- Directions:
Wherever the line that contains "John Pearson Arts" falls, repeat it and the lines after it exactly until the records end, without any pictures.

Records from a collection:

== Segment start ==

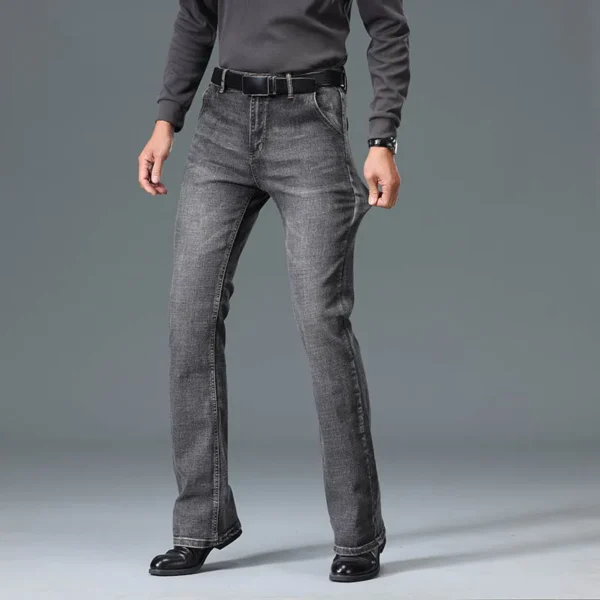 2024 Men's Autumn And Winter High Waisted Micro Flared Jeans High-Quality Loose And Comfortable Casual Pants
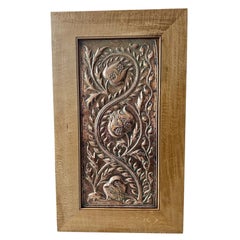 John Pearson Arts and Crafts Repoussé Copper Panel in Oak Frame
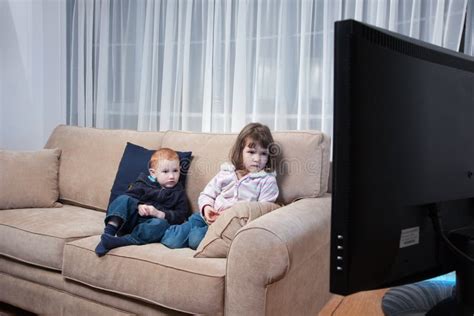 Kids Watching Television Stock Image Image Of Friend 15275703
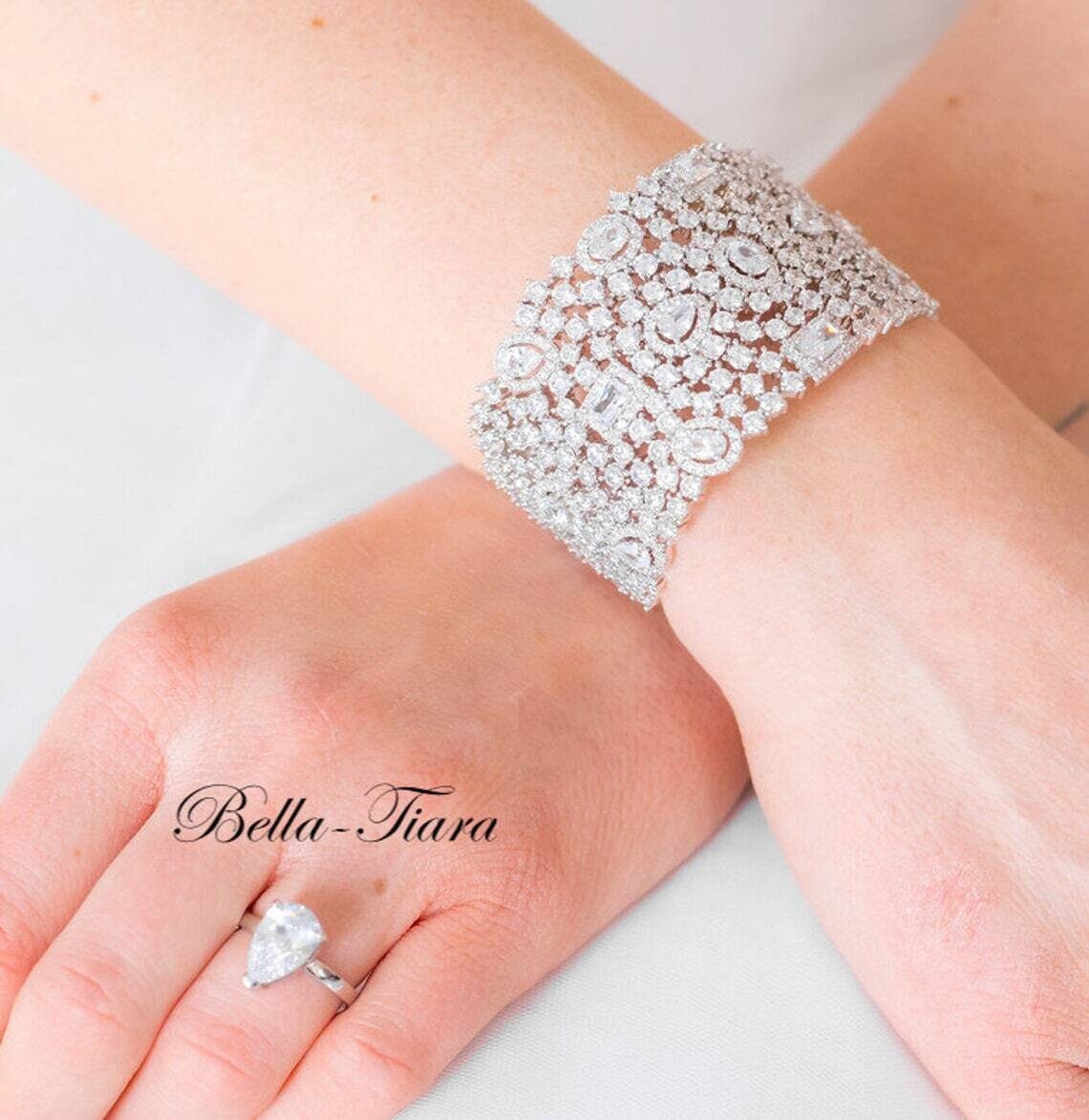 Giorgina - Exquisite CZ bridal cuff bracelet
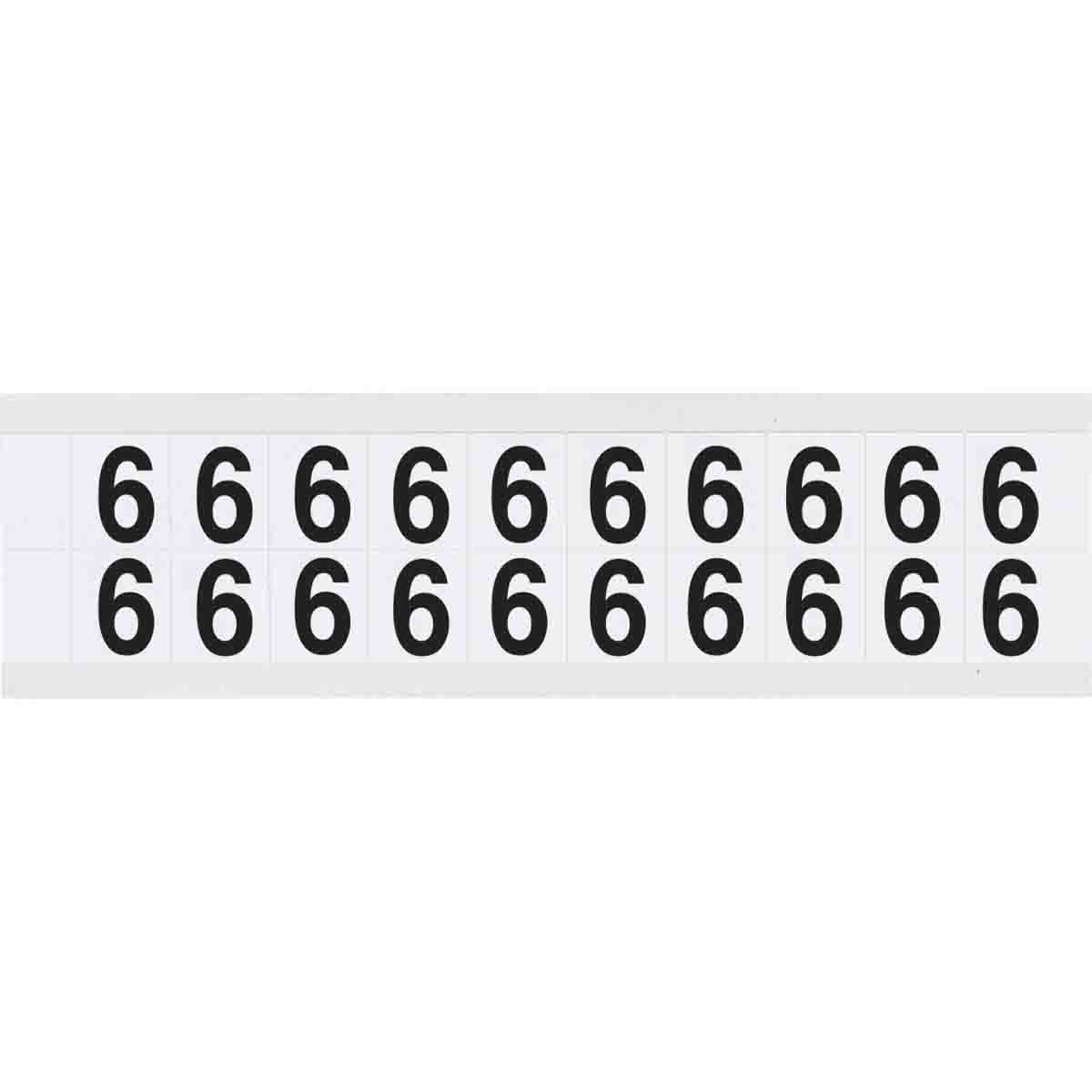 9712-6 0.625" Vinyl N&L Black on White 6 20/PK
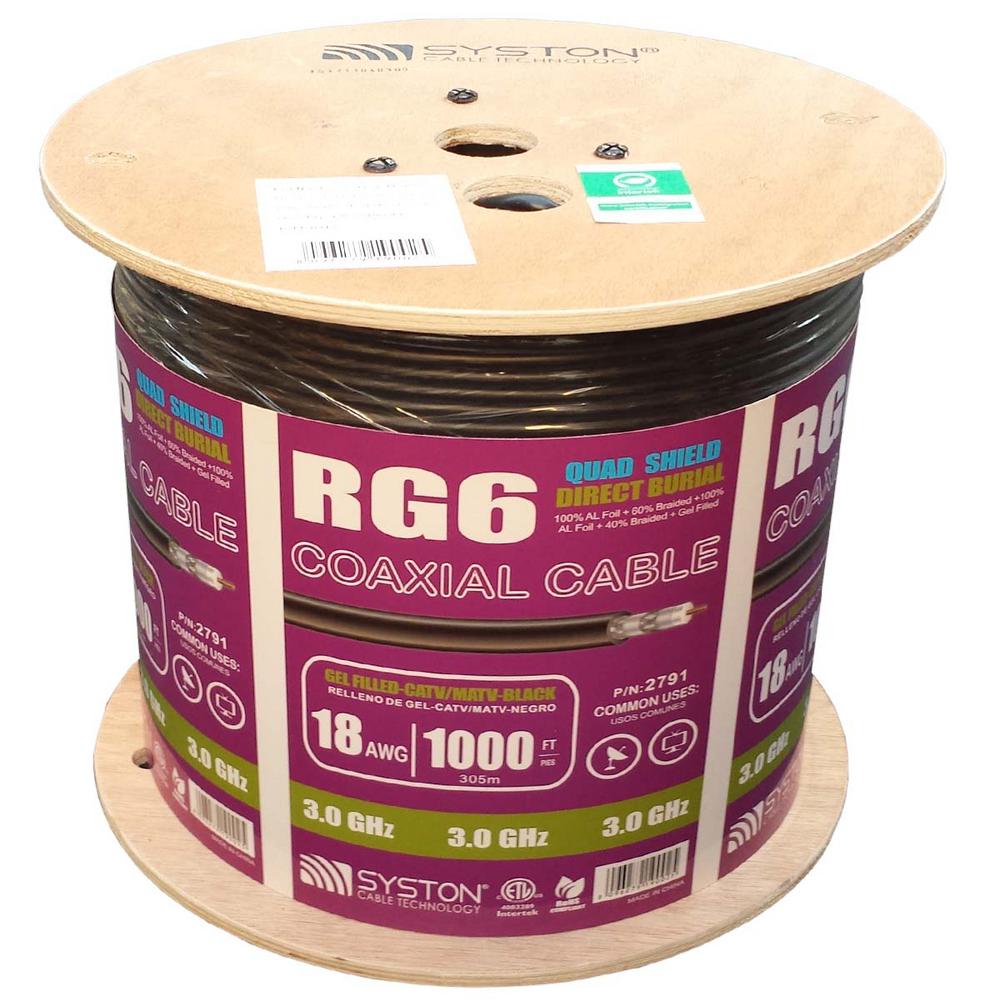 Syston Cable Technology RG6 Quad Shield 1000 Ft. Direct Burial Black ...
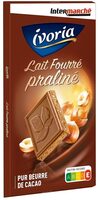 Tablette fourrée chocolat au lait praliné - 150g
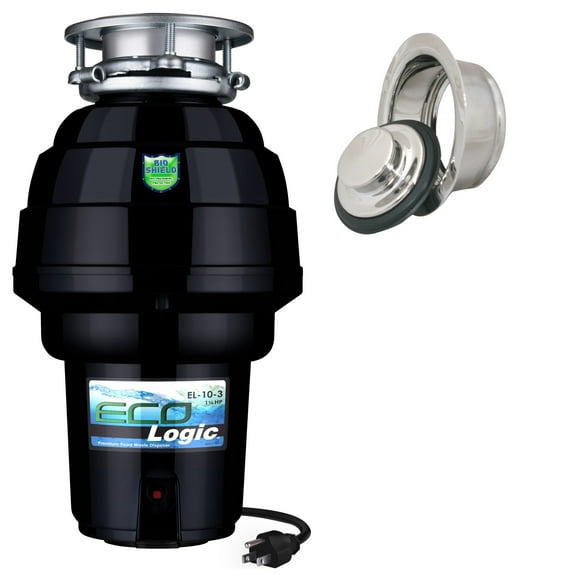 Eco Logic 1 1/4 HP Garbage Disposal with Polished Chrome Sink Flange 10-US-EL-10-DS-3B-PC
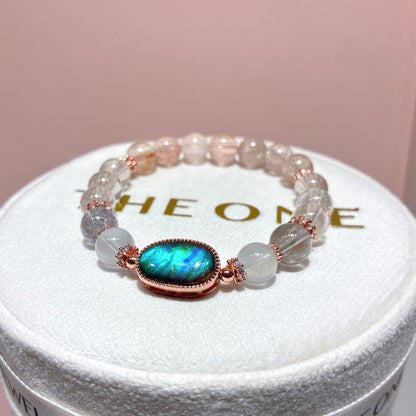 精品*鋼絲彩兔毛 x 斑彩石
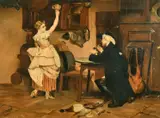 An interior kitchen scene with a seated man at a table and a woman reaching for a jug by V. Bateman, 1897, oil on canvas, sold Nov 2022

== Segment end ==

- Answer to this task:
 John Pearson Arts and Crafts Repoussé Copper Panel in Oak Frame
 Kids Watching Television Stock Image Image Of Friend 15275703
 Giorgina - Exquisite CZ bridal cuff bracelet
 9712-6 0.625" Vinyl N&L Black on White 6 20/PK
 Syston Cable Technology RG6 Quad Shield 1000 Ft. Direct Burial Black ...
 Tablette fourrée chocolat au lait praliné - 150g
 Eco Logic 1 1/4 HP Garbage Disposal with Polished Chrome Sink Flange 10-US-EL-10-DS-3B-PC
 精品*鋼絲彩兔毛 x 斑彩石
 An interior kitchen scene with a seated man at a table and a woman reaching for a jug by V. Bateman, 1897, oil on canvas, sold Nov 2022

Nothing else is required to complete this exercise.